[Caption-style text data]
<<<<
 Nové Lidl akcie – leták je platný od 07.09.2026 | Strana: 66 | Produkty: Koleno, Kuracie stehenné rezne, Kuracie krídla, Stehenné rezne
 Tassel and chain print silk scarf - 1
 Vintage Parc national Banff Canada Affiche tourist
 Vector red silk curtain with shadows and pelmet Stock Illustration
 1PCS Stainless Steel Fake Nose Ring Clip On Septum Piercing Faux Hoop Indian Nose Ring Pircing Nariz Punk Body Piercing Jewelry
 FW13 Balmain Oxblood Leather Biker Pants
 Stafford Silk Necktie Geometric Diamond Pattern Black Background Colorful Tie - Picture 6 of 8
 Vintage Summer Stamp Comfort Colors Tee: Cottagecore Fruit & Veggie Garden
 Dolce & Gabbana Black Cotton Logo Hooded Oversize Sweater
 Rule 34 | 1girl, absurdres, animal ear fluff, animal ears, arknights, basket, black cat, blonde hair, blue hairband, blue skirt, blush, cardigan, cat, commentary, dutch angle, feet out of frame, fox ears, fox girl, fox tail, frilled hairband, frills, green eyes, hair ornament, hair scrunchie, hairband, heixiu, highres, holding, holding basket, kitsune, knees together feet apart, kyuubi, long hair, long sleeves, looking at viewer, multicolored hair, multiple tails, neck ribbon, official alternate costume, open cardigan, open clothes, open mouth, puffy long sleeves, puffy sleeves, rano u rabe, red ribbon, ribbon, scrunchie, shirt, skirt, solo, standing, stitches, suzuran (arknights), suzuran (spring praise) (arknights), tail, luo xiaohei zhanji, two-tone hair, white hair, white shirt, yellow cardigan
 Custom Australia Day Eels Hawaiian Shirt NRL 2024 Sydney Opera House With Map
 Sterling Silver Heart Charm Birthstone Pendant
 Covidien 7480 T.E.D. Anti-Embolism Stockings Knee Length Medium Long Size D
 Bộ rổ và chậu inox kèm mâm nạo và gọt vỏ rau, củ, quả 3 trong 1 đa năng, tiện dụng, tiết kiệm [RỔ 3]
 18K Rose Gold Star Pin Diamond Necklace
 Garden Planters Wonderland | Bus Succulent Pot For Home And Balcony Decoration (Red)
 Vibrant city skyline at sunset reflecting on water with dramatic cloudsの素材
>>>>
TASK STATEMENT | There is a run of lines above from the one with "Tassel and chain print silk scarf - 1" to the one with "Dolce & Gabbana"; print exactly that run, both ends included, and nothing else.

EXERCISE RESULT |
 Tassel and chain print silk scarf - 1
 Vintage Parc national Banff Canada Affiche tourist
 Vector red silk curtain with shadows and pelmet Stock Illustration
 1PCS Stainless Steel Fake Nose Ring Clip On Septum Piercing Faux Hoop Indian Nose Ring Pircing Nariz Punk Body Piercing Jewelry
 FW13 Balmain Oxblood Leather Biker Pants
 Stafford Silk Necktie Geometric Diamond Pattern Black Background Colorful Tie - Picture 6 of 8
 Vintage Summer Stamp Comfort Colors Tee: Cottagecore Fruit & Veggie Garden
 Dolce & Gabbana Black Cotton Logo Hooded Oversize Sweater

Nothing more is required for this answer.